• Task item: Using the data below, return word for word every line from the one holding "Retro Plaid Sleeveless" down to the one holding "Lynk & Co 900". Leave pictures out.

• Supplied material:
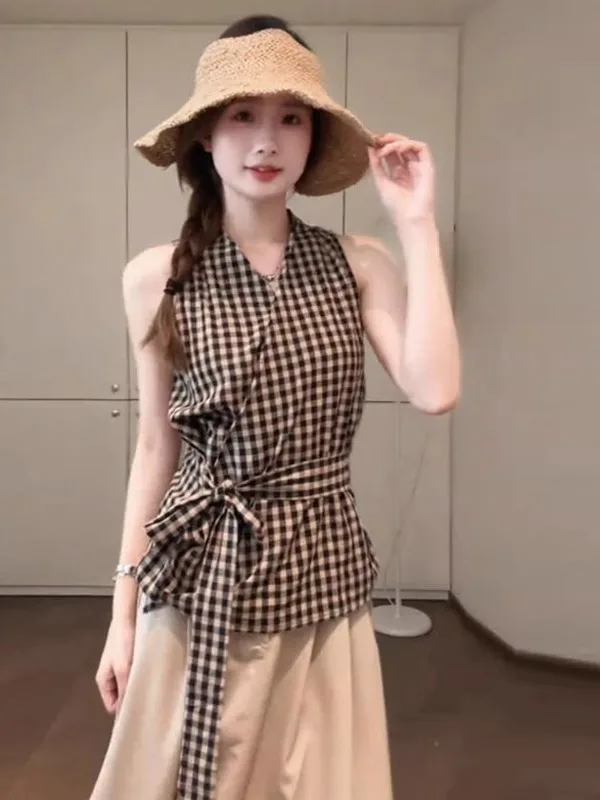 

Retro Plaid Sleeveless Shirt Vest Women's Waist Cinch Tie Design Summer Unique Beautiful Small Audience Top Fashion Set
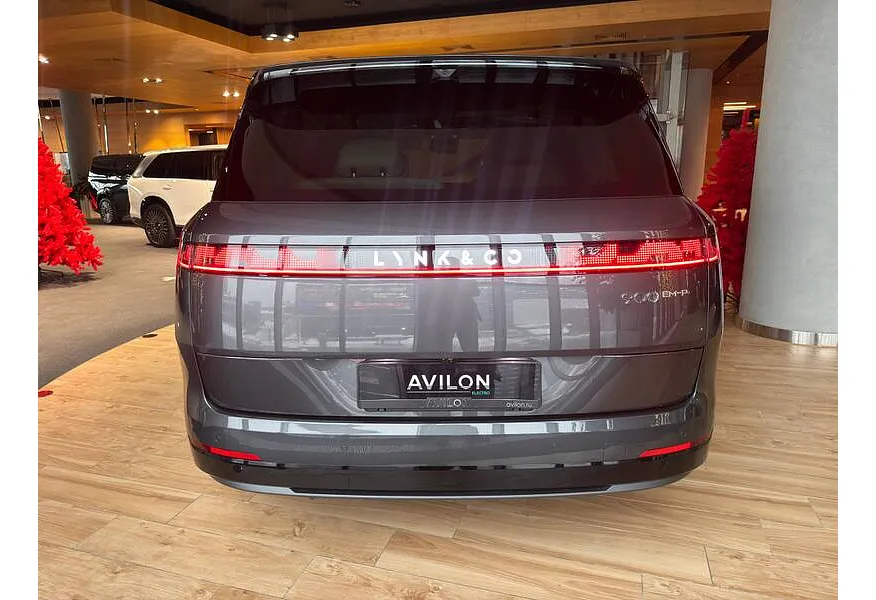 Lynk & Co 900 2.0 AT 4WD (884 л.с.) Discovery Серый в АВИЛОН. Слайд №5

--

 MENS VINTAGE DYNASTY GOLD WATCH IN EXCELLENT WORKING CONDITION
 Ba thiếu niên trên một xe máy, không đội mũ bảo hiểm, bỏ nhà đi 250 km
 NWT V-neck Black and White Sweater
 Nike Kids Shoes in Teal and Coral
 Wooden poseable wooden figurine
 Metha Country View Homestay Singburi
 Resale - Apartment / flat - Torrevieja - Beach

• Solution for this task:
Retro Plaid Sleeveless Shirt Vest Women's Waist Cinch Tie Design Summer Unique Beautiful Small Audience Top Fashion Set
 Lynk & Co 900 2.0 AT 4WD (884 л.с.) Discovery Серый в АВИЛОН. Слайд №5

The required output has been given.